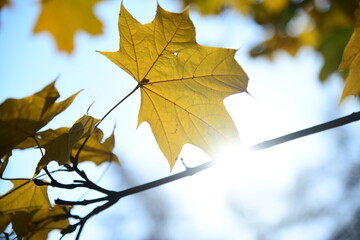 Yellow and orange leaves of maple in the sunny light on a background blue sky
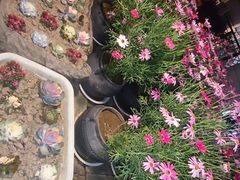 -瓦库茶馆17号(海汇港店)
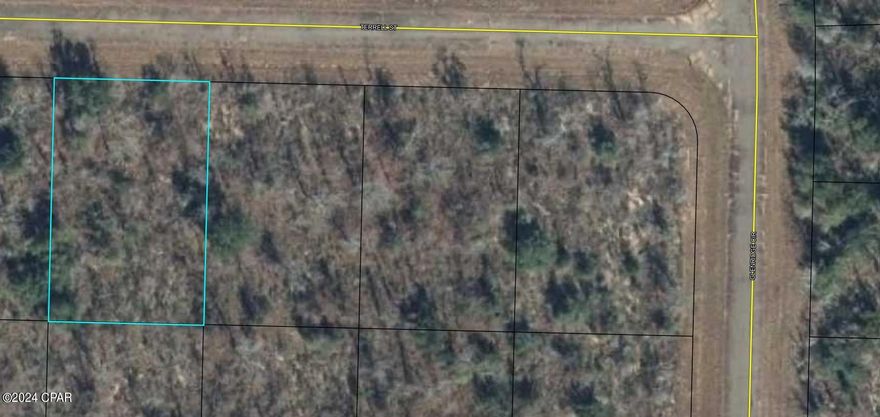 Looking for privacy. A great building lot located in Sunny Hills. Deed restrictions do apply. Must be a site built home. Located close to lakes for swimming and fishing. sunny Hills offers a golf course to the golfers. Looking for an investment or a place for your new home. Call a Realtor today!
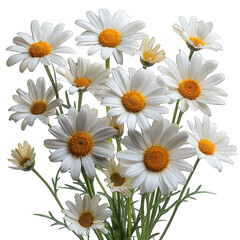 Fototapeta premium Oxeye Daisy flower isolated on white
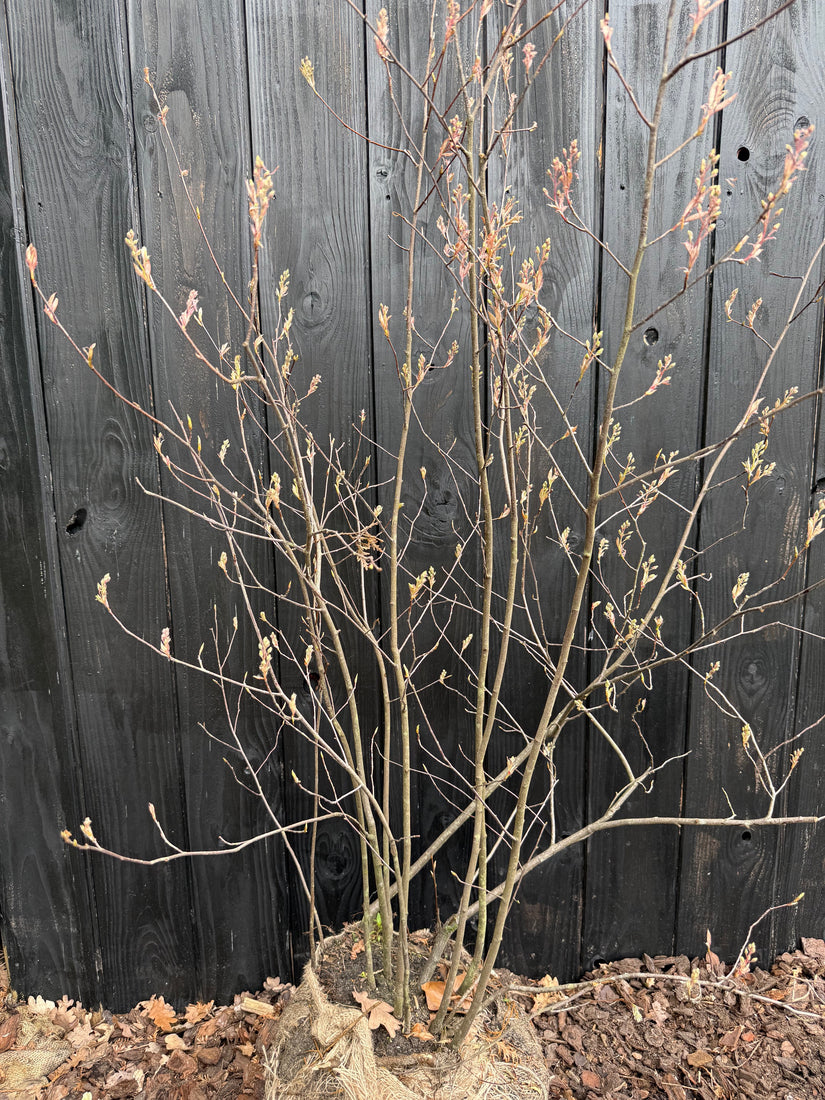 Biologische, Meerstammige Krentenboompje - Amelanchier lamarckii (gifvrij gekweekt)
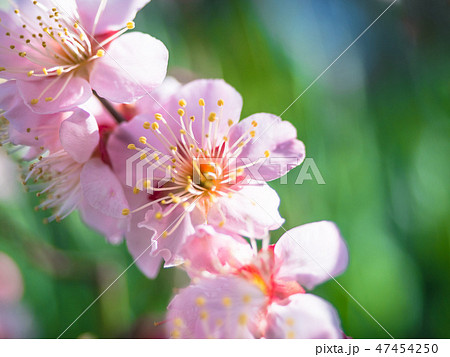 早春に咲く花梅 早春に咲く花梅 47454250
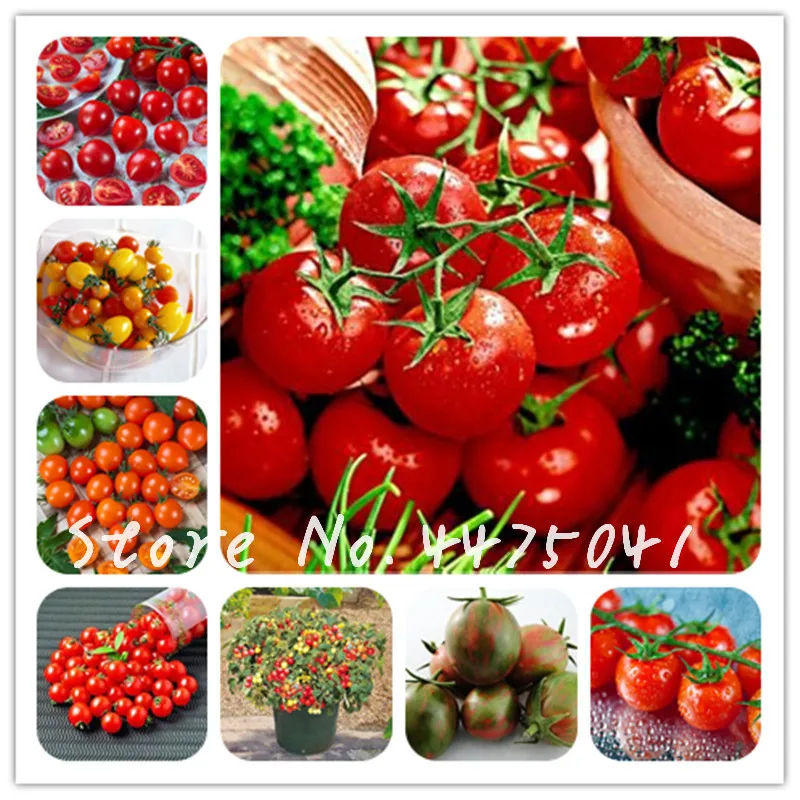 

Fresh Red Mini Tomato 200 Pcs Healthy Red Yellow Green Cherry Peach Pear Tomato Bonsai Organic Food For Garden Vegetable Bonsais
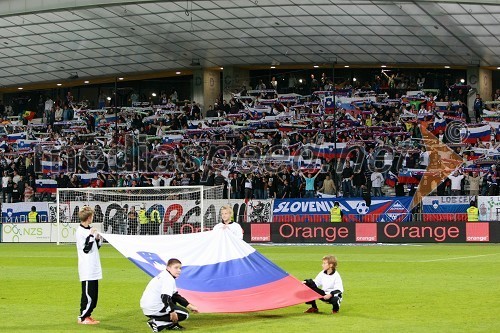 Navijači slovenske nogometne reprezentance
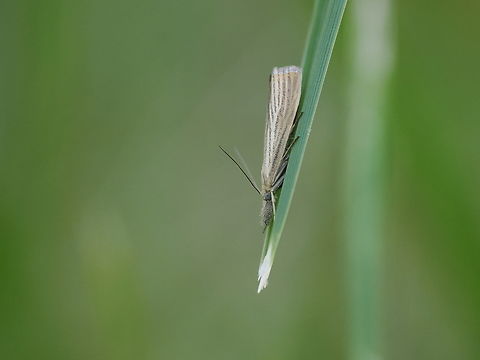 Chrysoteuchia culmella lateral view, not always the photo from "upside" Chrysoteuchia culmella,Garden Grass-veneer,Geotagged,Germany,Summer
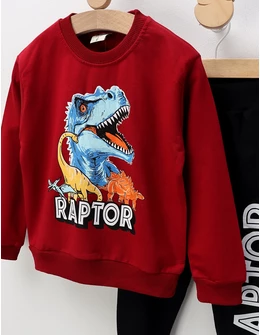 Compleu RAPTOR, visiniu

Work instructions:
A faithful copy of the data is required: each word kept, each picture omitted.

Task answer:
 Yellow and orange leaves of maple in the sunny light on a background blue sky
 -瓦库茶馆17号(海汇港店)
 Looking for privacy. A great building lot located in Sunny Hills. Deed restrictions do apply. Must be a site built home. Located close to lakes for swimming and fishing. sunny Hills offers a golf course to the golfers. Looking for an investment or a place for your new home. Call a Realtor today!
 Fototapeta premium Oxeye Daisy flower isolated on white
 Biologische, Meerstammige Krentenboompje - Amelanchier lamarckii (gifvrij gekweekt)
 早春に咲く花梅 早春に咲く花梅 47454250

Fresh Red Mini Tomato 200 Pcs Healthy Red Yellow Green Cherry Peach Pear Tomato Bonsai Organic Food For Garden Vegetable Bonsais
 Navijači slovenske nogometne reprezentance
 Chrysoteuchia culmella lateral view, not always the photo from "upside" Chrysoteuchia culmella,Garden Grass-veneer,Geotagged,Germany,Summer
 Compleu RAPTOR, visiniu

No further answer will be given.